Answer: t=10, or in 2005
Explanation: the point of inflection refers to when a function switches concavity (i.e. up or down). If the second derivative of f is positive, the graph is concave up, and if it is negative, the graph is concave down. This means that the graph switches concavity when the second derivative equals zero.
To find the second derivative (f’’(t)), we shall first find f’(t), or the first derivative. Because each term is separated by addition/subtraction, we can take the derivative of each term separately. Using the power rule, ((d/dx)(-0.1t^3)) = -0.1(3)(t)^(3-1)= -0.3t^2. For d/dx of 3t^2, use the power rule again: 3(2)t^(2-1) = 6t. The derivative of 500 is 0 because it is a constant. f’(t) = -0.3t^2 + 6t.

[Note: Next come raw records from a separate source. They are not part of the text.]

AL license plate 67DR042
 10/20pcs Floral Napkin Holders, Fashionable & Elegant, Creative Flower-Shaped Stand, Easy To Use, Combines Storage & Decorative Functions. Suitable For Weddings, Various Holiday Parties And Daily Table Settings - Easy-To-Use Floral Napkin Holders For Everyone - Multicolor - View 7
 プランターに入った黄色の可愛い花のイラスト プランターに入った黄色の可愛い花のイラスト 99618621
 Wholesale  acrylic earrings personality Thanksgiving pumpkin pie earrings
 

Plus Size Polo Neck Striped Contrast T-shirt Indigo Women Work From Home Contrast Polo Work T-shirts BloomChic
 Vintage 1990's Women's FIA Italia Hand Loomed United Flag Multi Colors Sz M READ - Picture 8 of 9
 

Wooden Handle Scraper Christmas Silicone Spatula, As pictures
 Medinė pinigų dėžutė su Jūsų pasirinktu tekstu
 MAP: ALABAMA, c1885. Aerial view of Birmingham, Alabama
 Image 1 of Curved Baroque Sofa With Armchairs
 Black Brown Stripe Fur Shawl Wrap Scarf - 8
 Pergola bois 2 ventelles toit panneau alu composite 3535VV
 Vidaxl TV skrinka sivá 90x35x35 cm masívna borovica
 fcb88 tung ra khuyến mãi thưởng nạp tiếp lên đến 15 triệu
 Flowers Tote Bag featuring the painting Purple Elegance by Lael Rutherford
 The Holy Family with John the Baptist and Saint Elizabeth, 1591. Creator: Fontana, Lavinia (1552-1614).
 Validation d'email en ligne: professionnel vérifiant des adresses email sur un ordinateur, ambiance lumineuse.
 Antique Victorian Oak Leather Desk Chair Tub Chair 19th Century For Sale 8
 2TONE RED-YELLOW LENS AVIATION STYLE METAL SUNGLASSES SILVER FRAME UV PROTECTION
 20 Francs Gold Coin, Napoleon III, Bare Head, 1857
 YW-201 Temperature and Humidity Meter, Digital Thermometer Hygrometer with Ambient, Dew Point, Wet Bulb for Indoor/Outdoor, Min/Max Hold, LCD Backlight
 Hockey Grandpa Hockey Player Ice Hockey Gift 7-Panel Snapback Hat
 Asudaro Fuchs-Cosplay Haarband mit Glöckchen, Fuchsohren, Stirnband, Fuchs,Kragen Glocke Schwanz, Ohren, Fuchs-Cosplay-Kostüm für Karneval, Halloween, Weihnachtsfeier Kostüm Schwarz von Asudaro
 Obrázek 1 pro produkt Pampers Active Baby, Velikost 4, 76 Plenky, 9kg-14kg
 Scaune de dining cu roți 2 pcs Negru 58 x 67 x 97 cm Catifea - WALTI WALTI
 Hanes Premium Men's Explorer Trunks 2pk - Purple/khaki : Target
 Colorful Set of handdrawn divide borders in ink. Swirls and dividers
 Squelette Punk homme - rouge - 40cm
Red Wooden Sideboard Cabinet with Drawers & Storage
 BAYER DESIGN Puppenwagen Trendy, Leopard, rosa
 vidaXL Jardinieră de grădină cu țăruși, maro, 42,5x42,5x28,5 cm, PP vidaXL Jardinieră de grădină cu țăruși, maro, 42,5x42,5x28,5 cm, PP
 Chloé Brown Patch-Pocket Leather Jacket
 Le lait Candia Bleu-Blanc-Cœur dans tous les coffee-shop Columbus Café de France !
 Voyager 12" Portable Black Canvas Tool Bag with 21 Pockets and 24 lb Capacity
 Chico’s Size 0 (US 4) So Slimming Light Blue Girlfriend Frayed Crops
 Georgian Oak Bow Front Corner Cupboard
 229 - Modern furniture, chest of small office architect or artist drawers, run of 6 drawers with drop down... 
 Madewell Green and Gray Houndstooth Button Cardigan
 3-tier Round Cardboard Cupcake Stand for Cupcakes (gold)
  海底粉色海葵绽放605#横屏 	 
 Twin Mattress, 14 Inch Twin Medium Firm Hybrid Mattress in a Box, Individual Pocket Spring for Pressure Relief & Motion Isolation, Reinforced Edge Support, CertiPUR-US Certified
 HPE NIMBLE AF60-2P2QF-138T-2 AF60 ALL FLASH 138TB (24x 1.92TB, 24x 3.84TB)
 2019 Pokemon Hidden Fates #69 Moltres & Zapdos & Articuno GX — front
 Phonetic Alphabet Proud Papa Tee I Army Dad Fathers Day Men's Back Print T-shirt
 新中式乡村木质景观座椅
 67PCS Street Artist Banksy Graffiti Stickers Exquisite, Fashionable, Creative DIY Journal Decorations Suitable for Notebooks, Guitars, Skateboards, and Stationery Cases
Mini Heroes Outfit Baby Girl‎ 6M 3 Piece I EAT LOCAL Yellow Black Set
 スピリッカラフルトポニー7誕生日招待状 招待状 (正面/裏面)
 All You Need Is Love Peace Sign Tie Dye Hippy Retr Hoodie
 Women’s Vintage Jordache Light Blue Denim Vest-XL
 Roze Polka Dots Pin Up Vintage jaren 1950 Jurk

Now we shall do this process again to find the second derivative. For the first term, d/dx of -0.3t^2 = -0.3(2)t^(2-1) = -0.6t. For 6t, d/dx equals 6(1)t^(1-1) = 6. f”(t) = -0.6t + 6
Now that we have the second derivative, we set it equal to zero and solve for t. 0 = -0.6t + 6, -6 = -0.6t, t = 10. Because t = 10 years, the point of inflection occurs in 1995 + 10 = 2005.